This repo contains scripts to model depression in speech and text. LSTM models are utilized to model at the segment-level of an interview (not at the word-level). The two modalities are also combined and fed into a feedforward network.
The data used can be downloaded from the Distress Analysis Interview Corpus, and contains audio, video, and text of interviews with 189 subjects, about 20% of whom had some level of depression.

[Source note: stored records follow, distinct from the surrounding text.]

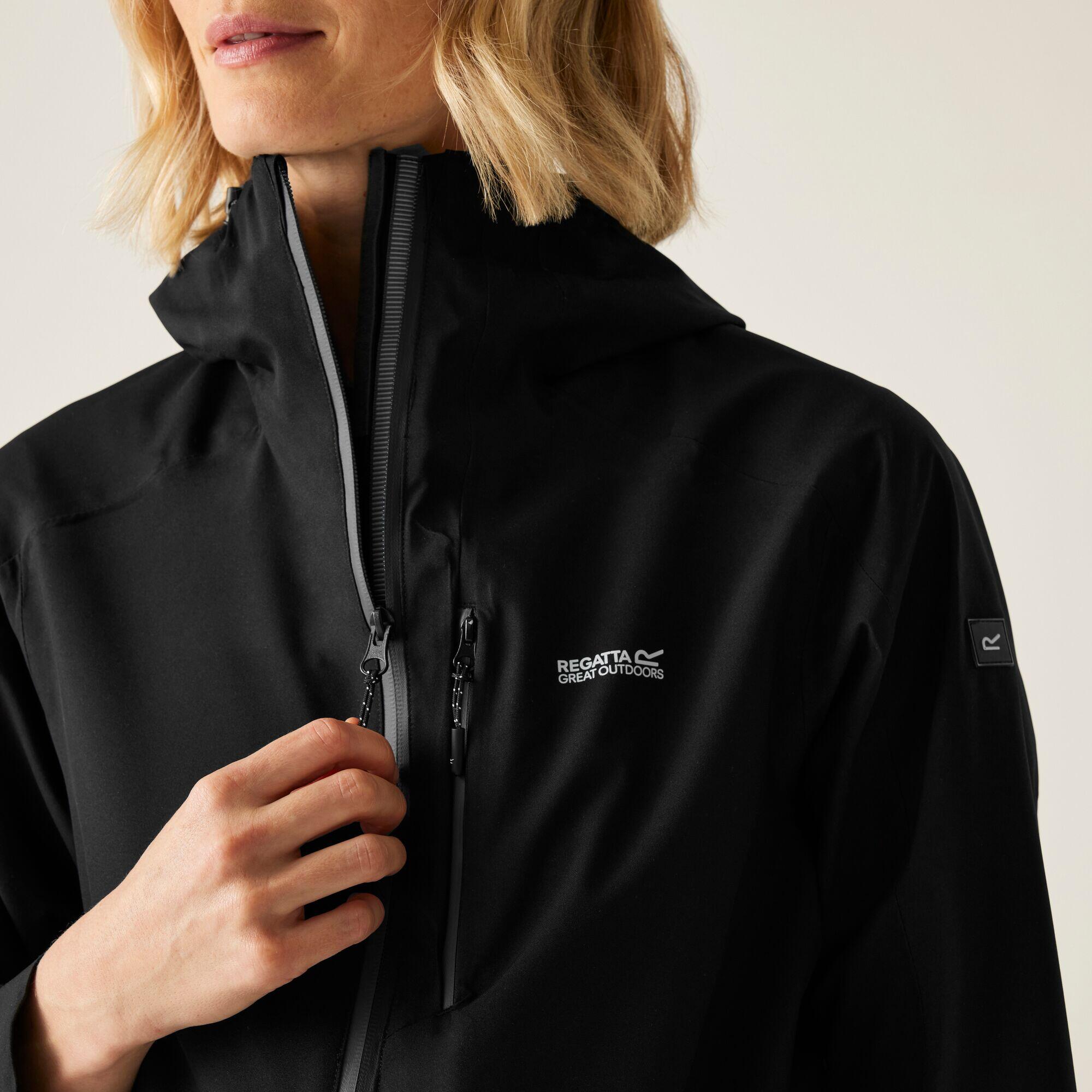 Damen Wanderjacke wasserdicht - Birchdale 7/7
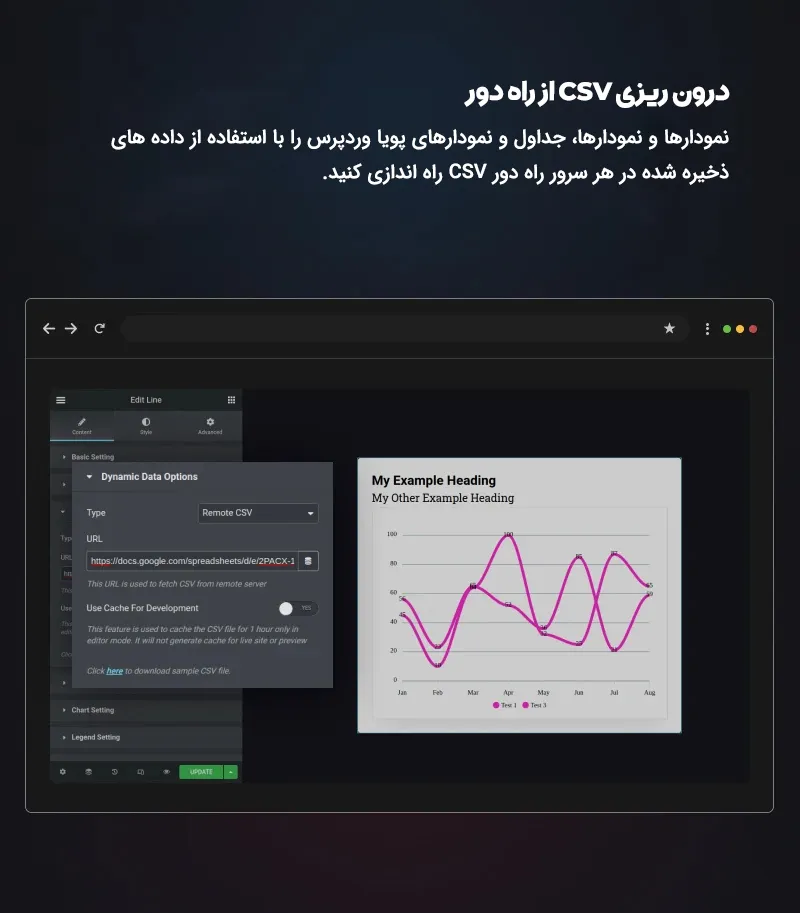 افزونه Graphina Pro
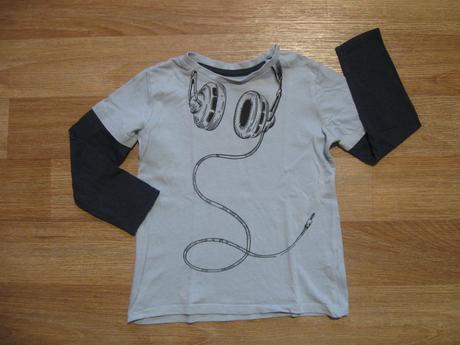 Tričko, fox & bunny,110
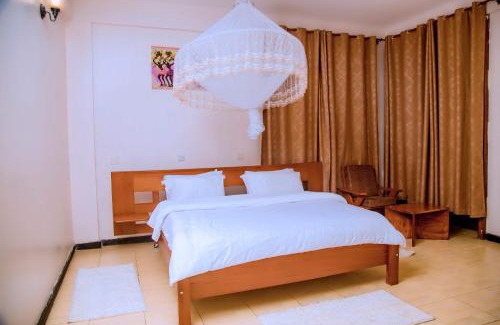 Gisenyi Resort | Kivu Hilltop View Resort
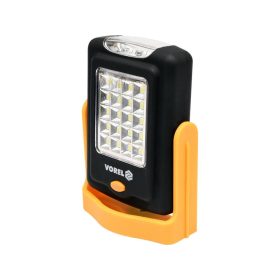 Vorel szerelőlámpa 20+3 LED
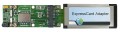 PE3B - Mini PCIe Card to ExpressCard adapter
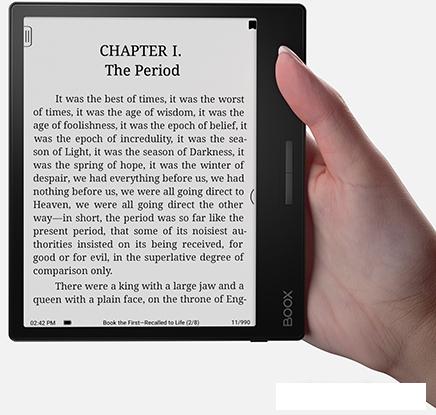 Электронная книга Onyx BOOX Page- фото3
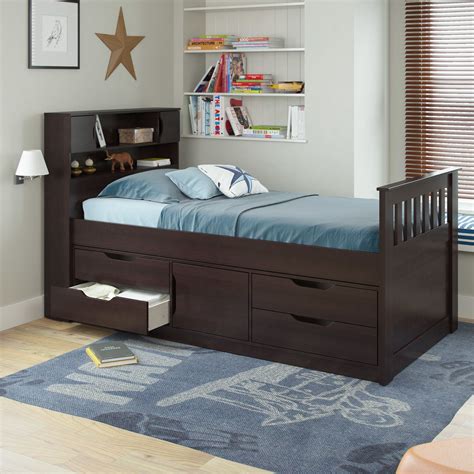 Captains Beds with Storage Drawers - Ideas on Foter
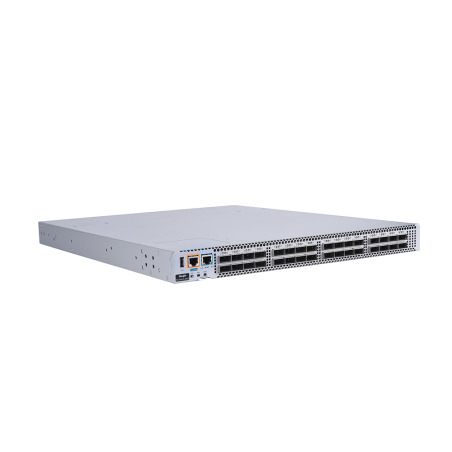 RG-S6510-32CQ - Ruijie Switch Managed L3 Datacenter - 32x 100G QSFP28 - VLAN/Porta Isolation/STP/RSTP/ACL/QoS/RIP/BGP4 - LACP/DH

The features are either segment-level statistics of the audio, or doc2vec embeddings of the words in a segment. Higher-level audio features (mean, max, min, median, std) were extracted using the COVAREP and FORMNAT features provided in the corpus, and the doc2vec embeddings were generated using this script. I trained using the binary outcomes as well as the multi-class outcomes.
The repo contains the following files:
- trainLSTM.py which contains the methods used to train the models.
- requirements.txt which are the libraries used in the conda environment of this project.
Keras with the tensorflow back-end was used for modeling.
I used the following librarires:
keras-gpu=2.1.3=py36_0 cudnn=7.0.5=cuda8.0_0 tensorflow-gpu=1.4.1=0 tensorflow-gpu-base=1.4.1=py36h01caf0a_0 tensorflow-tensorboard=0.4.0=py36hf484d3e_0
T. Alhanai, MM. Ghassemi, J. Glass, "Detecting "Detecting Depression with Audio/Text Sequence Modeling of Interviews" Interspeech 2018, India
DISCLAIMER: The user accepts the code / configuration / repo AS IS, WITH ALL FAULTS.